Anastasis è un album che non aggiunge ma nemmeno toglie nulla a ciò che i Dead Can Dance hanno fatto nella loro storia. Ma era un album necessario per poter ripartire. In tal senso, con questo nuovo lavoro dopo sedici anni, i Dead Can Dance si sono presi la soddisfazione di incassare un importante atto d’amore dei loro fan, visto che il tour mondiale attualmente in corso, e che ha visitato l’Italia in una data a Milano al Teatro Arcimboldi, ha fatto registrare il sold out fin da subito.
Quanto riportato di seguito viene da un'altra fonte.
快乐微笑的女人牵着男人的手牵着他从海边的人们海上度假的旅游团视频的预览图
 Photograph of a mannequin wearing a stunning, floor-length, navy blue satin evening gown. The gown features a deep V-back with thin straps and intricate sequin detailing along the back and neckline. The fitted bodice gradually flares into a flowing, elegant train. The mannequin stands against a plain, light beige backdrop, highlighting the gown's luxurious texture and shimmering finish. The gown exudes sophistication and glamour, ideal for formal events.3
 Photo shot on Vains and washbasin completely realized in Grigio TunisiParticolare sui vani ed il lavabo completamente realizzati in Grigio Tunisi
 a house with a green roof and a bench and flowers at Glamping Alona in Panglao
Un bel messaggio di fiducia e amore verso il duo anglo-australiano e anche un piccolo schiaffo a chi pensa che per piacere a tanta gente si debba per forza passare attraverso la televisione, magari in qualche insulso salotto condotto da scosciate signore, incastrati fra un triste caso umano e la pubblicità dell’ultimo modello di cellulare.

Adesso per favore, cari Brendan e Lisa, non fateci aspettare altri sedici anni.